Friday, July 5, 2013

The silent steamy affair


I get happy when I have to talk about food, extremely happy. Like I have said repeatedly it’s purely inherited from my family. I heard about momos for the first time when I was in junior college when there were hawkers all around the city selling this steamy affair. It became popular amongst youngsters instantly. Firstly because it was very affordable, it tasted and smelled healthy and it was not too filling. From the name momo everyone presumed it had something to do with the Chinese folks. Well the name is derived from Chinese but it is an authentic Tibetan and Nepali delicacy, ofcourse very similar to Chinese dumplings. I have momos in my city quite often but I always wondered how the authentic ones differed. So when I went to the hills in the north of India where this delicacy is a favorite, I realized it was more to do with the place than the delicacy itself. It is unique; having a momo on a traffic jammed street in our dear cities and having them staring at the grand shy Himalayas.

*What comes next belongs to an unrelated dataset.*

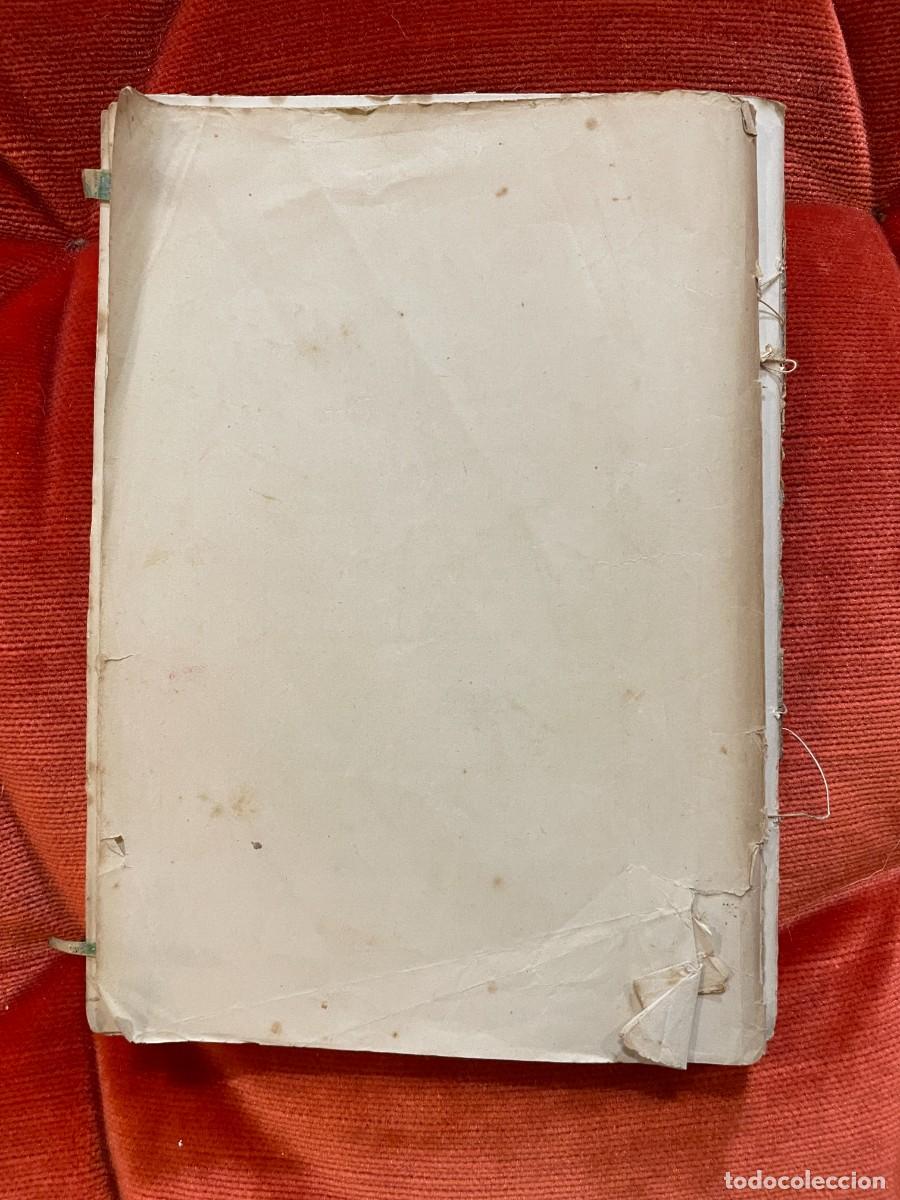 Libros antiguos: JOS&Eacute; MAR&Iacute;A PEM&Aacute;N. METTERNICH. - Foto 4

The several local stalls along the Jogiwara road  offer  a treat for vegetarians
Mutton/lamb momos are popular in the north because mutton in general is more preferred. The authentic ones somehow manage to complement the silence and serenity that the place has to offer. The momos look silent, they look bland but when you have them, they are succulent and intriguing. Punjab and Chandigarh being quite in vicinity, one finds lot of influence of Punjabi spices in some of the momo stalls owned by Punjabis. It’s commendable how they have incorporated their tastes into this preferably less spicy creation. The concept of fried momos works well for a scrutable Indian, who loves everything fried. Trust me it’s delicious.

You will find lot of hidden café’s all around selling momos in Mcleodganj and Dharamsala. You would think all of them taste the same but, I advice that while you are there, you try each and every place because it will have some hidden recipes to enchant your taste buds.

My personal favorite was the ‘Triund café & German’, a small shop on the uphill road to Dharamkot from Mcleodganj. This shop is run by a father-son pair and their chai perfectly complements their mutton momos. Don't miss the garlic red chillies sauce with it. You could ask for an extra rice soup too. As you sip and eat, you could dream away looking at the robust mountains from a symmetrically grilled window in the shop. The father usually never smiles but he is a nice man.

‘The Momo café’ (above in the picture) is on the Bhagsu road and offers a variety of momos. I found their sign board quite amusing; also it had a tiny board hanging saying that it opens at 7.30 am in summers and 8 am in the winters!

Hope you are having a weekend pampering your taste buds, more later!